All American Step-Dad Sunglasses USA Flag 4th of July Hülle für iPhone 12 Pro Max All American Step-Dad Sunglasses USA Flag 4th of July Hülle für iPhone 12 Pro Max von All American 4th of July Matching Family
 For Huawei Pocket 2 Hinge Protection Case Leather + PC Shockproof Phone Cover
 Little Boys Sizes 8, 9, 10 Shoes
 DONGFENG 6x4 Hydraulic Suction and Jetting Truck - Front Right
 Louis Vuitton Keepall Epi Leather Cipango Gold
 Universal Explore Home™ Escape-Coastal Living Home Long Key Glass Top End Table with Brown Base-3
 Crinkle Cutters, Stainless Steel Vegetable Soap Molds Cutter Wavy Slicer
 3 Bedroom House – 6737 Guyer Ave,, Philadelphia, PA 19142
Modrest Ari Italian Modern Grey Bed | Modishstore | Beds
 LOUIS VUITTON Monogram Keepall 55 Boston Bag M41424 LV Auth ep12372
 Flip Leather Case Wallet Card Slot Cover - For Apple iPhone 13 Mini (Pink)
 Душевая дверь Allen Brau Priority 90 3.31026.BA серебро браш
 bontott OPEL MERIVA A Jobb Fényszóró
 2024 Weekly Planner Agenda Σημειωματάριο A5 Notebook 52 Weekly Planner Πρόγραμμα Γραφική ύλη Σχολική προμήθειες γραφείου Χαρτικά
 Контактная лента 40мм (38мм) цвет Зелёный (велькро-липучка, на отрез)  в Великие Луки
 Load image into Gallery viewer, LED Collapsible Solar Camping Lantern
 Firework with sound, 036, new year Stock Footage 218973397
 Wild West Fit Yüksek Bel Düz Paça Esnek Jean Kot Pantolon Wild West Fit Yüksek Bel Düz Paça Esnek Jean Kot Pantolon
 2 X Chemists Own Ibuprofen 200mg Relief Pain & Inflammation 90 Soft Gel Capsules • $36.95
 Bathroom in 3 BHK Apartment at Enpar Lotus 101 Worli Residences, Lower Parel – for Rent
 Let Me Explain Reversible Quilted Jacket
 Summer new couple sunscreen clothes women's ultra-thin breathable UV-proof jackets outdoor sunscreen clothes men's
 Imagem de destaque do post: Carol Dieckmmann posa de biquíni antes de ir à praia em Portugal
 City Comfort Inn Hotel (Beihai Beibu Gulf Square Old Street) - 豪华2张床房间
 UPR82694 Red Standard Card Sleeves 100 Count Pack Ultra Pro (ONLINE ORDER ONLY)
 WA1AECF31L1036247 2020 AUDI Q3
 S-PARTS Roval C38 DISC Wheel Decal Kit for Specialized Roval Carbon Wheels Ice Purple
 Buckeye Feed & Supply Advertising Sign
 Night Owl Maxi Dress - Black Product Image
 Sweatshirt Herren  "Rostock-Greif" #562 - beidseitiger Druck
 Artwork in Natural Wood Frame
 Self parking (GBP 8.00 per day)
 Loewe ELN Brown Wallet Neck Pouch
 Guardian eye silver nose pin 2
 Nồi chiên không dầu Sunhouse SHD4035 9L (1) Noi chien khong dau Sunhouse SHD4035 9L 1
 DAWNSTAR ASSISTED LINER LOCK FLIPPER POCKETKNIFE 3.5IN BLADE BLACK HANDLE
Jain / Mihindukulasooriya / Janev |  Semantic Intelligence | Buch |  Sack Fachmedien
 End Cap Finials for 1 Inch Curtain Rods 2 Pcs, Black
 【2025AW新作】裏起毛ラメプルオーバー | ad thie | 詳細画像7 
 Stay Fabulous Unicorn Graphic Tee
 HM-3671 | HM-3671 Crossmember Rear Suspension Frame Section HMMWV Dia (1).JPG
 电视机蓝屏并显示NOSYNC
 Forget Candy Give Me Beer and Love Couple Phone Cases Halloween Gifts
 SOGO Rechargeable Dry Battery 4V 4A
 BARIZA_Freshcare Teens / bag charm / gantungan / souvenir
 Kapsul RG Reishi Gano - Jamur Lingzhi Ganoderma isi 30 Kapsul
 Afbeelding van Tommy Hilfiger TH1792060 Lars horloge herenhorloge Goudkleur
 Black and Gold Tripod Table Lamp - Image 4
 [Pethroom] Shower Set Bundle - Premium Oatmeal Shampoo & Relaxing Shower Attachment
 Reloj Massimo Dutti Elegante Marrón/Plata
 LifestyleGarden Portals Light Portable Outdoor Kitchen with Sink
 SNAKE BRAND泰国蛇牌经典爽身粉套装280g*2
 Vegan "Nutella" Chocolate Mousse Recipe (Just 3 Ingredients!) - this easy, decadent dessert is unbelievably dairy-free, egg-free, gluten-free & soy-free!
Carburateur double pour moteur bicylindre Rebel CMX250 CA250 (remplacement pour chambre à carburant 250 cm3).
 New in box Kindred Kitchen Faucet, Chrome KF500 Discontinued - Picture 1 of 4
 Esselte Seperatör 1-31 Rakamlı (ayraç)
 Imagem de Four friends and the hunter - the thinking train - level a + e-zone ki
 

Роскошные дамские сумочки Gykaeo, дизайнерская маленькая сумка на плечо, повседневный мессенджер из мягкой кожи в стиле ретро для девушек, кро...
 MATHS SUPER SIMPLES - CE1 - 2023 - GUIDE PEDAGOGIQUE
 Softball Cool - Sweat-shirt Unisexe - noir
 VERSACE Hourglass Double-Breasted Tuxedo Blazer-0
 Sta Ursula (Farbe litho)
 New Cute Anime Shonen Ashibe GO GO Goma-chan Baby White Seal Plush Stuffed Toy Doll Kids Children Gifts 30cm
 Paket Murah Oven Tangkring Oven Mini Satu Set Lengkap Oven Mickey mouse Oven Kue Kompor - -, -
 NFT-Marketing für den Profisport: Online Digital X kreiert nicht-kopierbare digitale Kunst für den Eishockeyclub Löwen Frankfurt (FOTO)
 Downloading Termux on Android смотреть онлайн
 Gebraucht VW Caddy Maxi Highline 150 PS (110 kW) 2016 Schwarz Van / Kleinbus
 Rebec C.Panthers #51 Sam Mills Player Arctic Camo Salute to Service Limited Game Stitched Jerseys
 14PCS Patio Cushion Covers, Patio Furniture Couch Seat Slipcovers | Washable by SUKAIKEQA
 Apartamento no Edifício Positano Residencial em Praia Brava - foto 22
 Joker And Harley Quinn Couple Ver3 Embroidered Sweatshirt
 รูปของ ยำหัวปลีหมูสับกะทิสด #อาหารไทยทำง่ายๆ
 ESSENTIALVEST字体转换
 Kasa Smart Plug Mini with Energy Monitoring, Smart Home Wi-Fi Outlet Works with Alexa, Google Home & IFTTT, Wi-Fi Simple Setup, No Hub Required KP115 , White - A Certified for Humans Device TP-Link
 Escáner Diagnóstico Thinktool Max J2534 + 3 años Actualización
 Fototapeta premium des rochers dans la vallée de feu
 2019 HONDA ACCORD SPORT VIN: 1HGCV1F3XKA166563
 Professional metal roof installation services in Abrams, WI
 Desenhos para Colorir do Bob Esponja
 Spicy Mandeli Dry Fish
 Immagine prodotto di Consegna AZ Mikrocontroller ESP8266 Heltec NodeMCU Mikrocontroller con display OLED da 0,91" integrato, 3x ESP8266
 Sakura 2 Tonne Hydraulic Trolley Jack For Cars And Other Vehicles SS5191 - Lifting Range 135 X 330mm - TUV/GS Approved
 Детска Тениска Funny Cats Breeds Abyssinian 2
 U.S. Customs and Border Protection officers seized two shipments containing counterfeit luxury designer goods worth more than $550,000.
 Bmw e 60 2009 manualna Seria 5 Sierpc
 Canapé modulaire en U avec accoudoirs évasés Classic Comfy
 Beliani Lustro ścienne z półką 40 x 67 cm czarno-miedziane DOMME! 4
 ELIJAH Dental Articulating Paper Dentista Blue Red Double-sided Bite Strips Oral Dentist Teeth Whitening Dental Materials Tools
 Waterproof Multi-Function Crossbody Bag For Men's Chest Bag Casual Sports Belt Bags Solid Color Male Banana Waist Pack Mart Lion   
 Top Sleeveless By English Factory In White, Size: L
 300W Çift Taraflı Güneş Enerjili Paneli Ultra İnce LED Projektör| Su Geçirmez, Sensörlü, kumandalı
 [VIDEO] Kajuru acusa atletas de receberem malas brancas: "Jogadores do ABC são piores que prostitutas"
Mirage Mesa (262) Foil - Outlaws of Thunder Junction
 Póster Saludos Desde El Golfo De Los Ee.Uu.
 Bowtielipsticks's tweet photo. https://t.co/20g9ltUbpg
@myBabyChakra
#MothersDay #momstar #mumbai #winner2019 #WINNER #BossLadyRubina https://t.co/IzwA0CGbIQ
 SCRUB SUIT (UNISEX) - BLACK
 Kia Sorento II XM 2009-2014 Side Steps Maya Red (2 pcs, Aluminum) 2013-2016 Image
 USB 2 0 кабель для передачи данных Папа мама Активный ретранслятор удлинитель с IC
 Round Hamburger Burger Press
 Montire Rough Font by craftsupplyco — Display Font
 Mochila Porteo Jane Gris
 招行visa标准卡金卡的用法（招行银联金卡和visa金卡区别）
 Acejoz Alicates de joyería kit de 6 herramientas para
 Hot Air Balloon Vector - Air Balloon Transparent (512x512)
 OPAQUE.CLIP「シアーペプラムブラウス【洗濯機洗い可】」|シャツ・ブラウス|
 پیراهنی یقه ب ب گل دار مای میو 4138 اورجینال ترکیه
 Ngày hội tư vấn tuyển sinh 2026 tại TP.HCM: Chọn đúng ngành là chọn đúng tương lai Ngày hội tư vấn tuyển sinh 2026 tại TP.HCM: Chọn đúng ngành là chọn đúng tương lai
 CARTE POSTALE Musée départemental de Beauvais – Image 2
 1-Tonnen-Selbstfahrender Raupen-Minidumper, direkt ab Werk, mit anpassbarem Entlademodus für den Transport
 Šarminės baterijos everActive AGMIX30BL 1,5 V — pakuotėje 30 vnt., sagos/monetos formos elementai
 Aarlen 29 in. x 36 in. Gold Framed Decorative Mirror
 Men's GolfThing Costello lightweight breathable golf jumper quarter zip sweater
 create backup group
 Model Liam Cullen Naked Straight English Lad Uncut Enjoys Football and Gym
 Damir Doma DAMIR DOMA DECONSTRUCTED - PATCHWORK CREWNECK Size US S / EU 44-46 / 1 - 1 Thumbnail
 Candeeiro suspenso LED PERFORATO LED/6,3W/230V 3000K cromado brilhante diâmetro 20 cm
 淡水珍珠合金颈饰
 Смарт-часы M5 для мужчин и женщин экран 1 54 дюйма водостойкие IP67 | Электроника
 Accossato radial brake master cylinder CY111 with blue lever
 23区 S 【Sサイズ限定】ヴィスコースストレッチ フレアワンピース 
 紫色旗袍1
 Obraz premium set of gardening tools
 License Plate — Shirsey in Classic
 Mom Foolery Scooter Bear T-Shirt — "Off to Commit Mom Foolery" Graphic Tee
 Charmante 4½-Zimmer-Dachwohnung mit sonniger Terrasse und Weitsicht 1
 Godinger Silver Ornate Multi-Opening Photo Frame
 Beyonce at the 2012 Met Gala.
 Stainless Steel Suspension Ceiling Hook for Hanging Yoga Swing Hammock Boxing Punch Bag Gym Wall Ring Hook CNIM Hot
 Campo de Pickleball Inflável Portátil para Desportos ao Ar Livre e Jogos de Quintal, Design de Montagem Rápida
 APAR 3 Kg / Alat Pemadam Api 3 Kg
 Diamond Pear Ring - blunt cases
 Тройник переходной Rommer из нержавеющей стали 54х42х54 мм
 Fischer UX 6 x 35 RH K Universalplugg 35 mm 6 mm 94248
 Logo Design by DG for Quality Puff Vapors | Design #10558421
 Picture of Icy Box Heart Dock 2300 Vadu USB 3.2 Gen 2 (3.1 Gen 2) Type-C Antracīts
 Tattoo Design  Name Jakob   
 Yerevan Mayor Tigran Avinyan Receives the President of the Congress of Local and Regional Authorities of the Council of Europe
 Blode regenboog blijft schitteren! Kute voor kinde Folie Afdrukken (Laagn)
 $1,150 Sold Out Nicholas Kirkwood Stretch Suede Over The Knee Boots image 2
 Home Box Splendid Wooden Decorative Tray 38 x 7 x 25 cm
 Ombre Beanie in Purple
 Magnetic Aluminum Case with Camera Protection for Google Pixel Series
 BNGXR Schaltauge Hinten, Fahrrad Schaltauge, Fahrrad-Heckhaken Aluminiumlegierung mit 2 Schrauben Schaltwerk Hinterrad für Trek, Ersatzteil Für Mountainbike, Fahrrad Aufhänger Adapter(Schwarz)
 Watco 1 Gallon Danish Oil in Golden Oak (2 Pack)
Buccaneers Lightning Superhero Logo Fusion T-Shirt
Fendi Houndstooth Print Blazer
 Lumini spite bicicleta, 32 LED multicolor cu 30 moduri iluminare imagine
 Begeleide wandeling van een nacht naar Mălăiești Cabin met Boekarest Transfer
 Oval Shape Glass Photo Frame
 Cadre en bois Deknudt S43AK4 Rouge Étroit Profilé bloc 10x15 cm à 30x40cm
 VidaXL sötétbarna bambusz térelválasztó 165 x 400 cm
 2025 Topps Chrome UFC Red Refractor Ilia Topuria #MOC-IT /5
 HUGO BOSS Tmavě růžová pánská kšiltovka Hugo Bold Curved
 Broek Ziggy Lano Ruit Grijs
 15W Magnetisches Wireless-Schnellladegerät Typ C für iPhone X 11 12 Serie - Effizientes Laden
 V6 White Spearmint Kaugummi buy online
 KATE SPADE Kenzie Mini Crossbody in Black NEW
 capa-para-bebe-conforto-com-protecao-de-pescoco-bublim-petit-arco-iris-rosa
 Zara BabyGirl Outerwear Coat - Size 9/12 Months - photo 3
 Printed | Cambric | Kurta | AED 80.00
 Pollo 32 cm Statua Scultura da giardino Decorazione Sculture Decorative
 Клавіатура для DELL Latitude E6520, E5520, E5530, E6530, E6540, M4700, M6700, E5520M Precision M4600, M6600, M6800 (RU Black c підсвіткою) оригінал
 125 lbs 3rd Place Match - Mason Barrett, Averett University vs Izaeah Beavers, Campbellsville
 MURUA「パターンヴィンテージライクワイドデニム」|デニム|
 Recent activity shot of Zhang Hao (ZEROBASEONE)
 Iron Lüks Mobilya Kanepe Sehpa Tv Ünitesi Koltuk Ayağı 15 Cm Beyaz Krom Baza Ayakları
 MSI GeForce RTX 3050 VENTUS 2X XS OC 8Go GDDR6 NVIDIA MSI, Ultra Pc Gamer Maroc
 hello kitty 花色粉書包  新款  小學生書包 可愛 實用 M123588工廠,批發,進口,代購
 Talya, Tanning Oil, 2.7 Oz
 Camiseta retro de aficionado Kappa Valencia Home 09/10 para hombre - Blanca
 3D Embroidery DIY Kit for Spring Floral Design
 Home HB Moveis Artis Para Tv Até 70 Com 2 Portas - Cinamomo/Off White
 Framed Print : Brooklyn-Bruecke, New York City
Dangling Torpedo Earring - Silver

▶ **Work item**: What you give back should be exactly the lines from the one with "MURUA「パターンヴィンテージライクワイドデニム」|デニム|" through the final line of the listing, and no others.

▶ **Output below**:
 MURUA「パターンヴィンテージライクワイドデニム」|デニム|
 Recent activity shot of Zhang Hao (ZEROBASEONE)
 Iron Lüks Mobilya Kanepe Sehpa Tv Ünitesi Koltuk Ayağı 15 Cm Beyaz Krom Baza Ayakları
 MSI GeForce RTX 3050 VENTUS 2X XS OC 8Go GDDR6 NVIDIA MSI, Ultra Pc Gamer Maroc
 hello kitty 花色粉書包  新款  小學生書包 可愛 實用 M123588工廠,批發,進口,代購
 Talya, Tanning Oil, 2.7 Oz
 Camiseta retro de aficionado Kappa Valencia Home 09/10 para hombre - Blanca
 3D Embroidery DIY Kit for Spring Floral Design
 Home HB Moveis Artis Para Tv Até 70 Com 2 Portas - Cinamomo/Off White
 Framed Print : Brooklyn-Bruecke, New York City
Dangling Torpedo Earring - Silver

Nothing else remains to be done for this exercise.